Set the listing down again, exactly as it stands below.
======== RECORDED DATA ========
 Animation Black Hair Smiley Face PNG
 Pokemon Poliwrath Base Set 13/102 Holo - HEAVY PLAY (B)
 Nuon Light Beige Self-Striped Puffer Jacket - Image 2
========
- EXPECTED OUTPUT:
 Animation Black Hair Smiley Face PNG
 Pokemon Poliwrath Base Set 13/102 Holo - HEAVY PLAY (B)
 Nuon Light Beige Self-Striped Puffer Jacket - Image 2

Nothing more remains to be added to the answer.